Snaefell from Druidsdale Road (S)

There were hills away to my left beckoning to me though – well in fact, they’d been beckoning to me when I’d seen them on the horizon as I dropped down to the reservoir earlier.

Shortly, I came across a rough, stony path heading up towards Slieau Dhoo (1417 feet). I turned off up this path towards the hills – it was really gentle walking and hardly any effort. By the time I reached the first hill though, the feeling of solitude was wonderful – I found these hills the most peaceful place on the whole island… At some point, I came across a beautiful little tarn where I stayed awhile – total peace.

Slieau Dhoo 'Lochan' (S)
Slieau Dhoo to Slieau Freoaghane

Eventually, I roused myself and set off further south-west towards the second rounded hill of Slieau Freoaghane (1602 feet). From there, I could see a further, smaller hill – Sartfell (1490 feet). I liked the sound of that name so continued on to that. The going over all three hills was easy on grass and quartzite – the beauty of the quartize was really taking my eye as it shone pearly-white in the periodic sun.
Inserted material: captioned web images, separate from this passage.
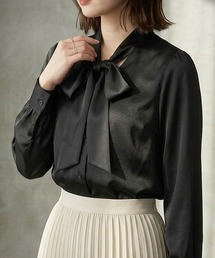 大きめボウタイが華やかな、上品 ビッグリボン サテンブラウス　秋服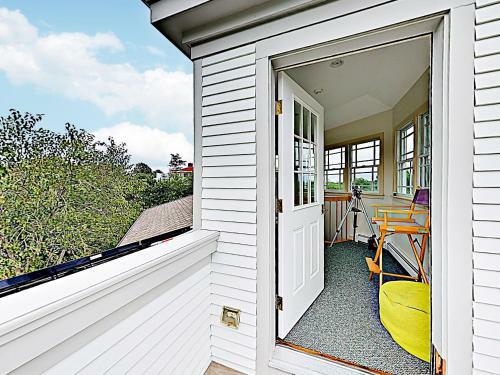 Iconic West End Home Home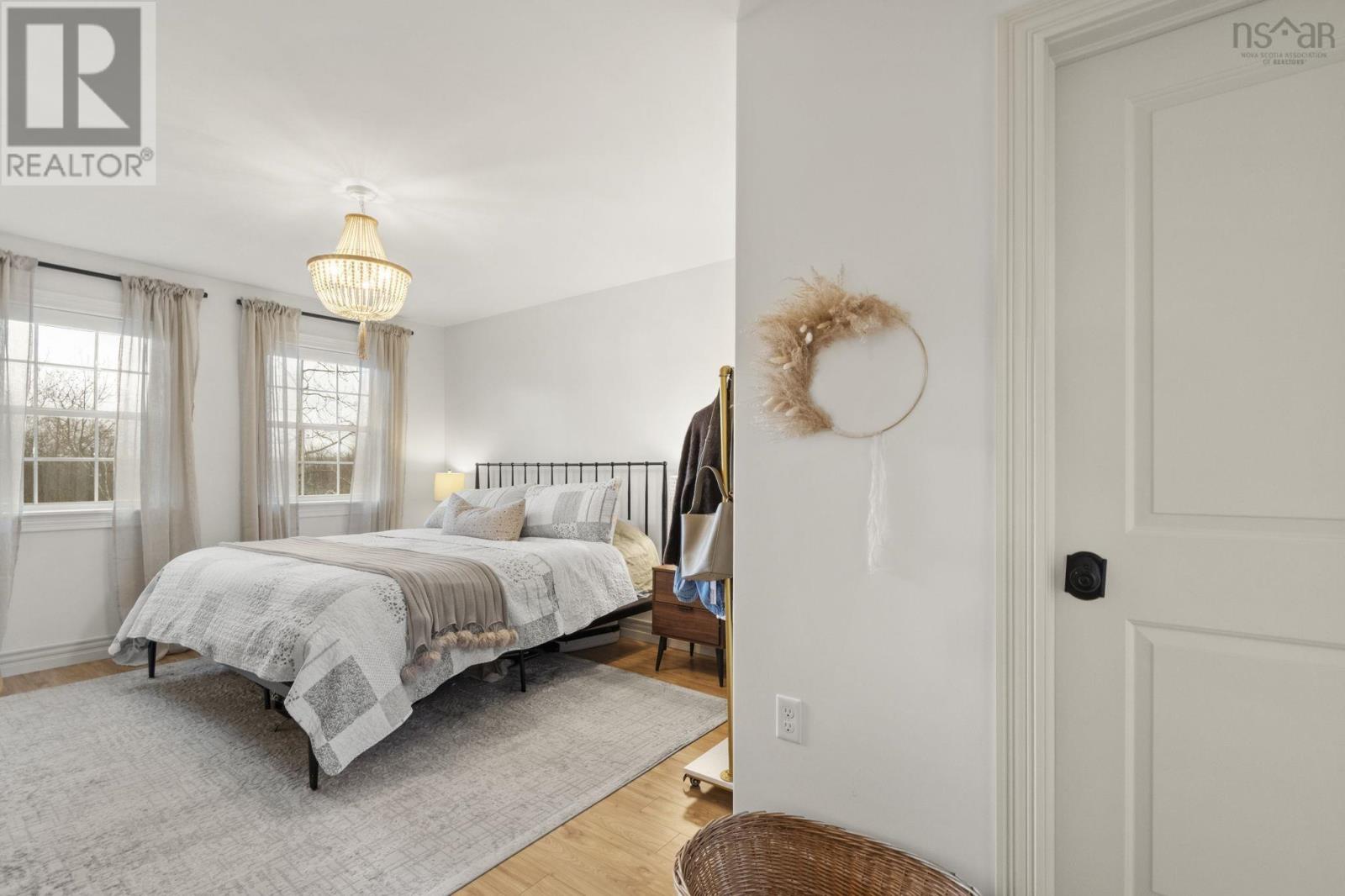 Property 29 of 42 of 15 Acorn Avenue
From here I cut straight down south-east to a track I could see heading beneath the three hills which would take me back below Slieau Freoaghane, between that and Slieau Dhoo and eventually lead to a bigger track down to Kirk Michael where I intended to get the bus back round to Douglas. The track was exceedingly pleasant where it descended down to Kirk Michael and made a lovely end to my day.
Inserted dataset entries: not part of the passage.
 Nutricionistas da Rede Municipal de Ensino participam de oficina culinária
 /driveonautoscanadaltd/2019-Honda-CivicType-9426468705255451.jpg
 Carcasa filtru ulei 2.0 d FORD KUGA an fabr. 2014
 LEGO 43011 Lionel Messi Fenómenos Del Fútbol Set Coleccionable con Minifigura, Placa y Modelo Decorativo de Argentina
St Michaels Path to Slieaus Fraoghane & Cwn

The next day, I’d extolled the virtues of the lovely, quiet Druidale and persuaded my mother she wanted to come and do a variation of my walk while the two men, who weren’t interested at all, went off pubbing or whatever.

We again took the train to ‘Bungalow’ and set off down the road above the reservoir. This time, we didn’t leave the road as we’d seen that, by dropping down below it the day before, I’d missed the chance to visit the Tholt Y Will Glen above Sulby. We jaunted happily down the road in the sunshine and, after nearly two miles, came across the entrance to the glen. The guardians were some lovely-coloured hens and a cockerel.
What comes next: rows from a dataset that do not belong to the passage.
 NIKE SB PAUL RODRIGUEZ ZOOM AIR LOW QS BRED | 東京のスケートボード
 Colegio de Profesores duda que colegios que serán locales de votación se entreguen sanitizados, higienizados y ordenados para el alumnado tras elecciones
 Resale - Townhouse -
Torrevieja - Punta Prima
IOM-Hens above Tholt Y Will

The poultry completely ignored us so we assumed entry to the glen was free 😉 We set off down a lovely sunny ramp of grass beneath copper beeches to the bottom of the glen.

Tholt y Will Glen

The route was a well-made path and we passed beautiful little waterfalls and everywhere was lush and vibrantly green.

IOM-Tholt Y Will Waterfall2

Tholt Y Will Glen Stream

Tholt Y Will Glen Falls

IOM-Tholt Y Will Glen1

At the exit to the glen, we again turned up the track through the forest for Druidale and I pointed out the fairy cow to my mother. We were soon on the lovely peaceful road which we, this time, followed for a couple of miles to a very sharp bend by the Ballaugh Plantation.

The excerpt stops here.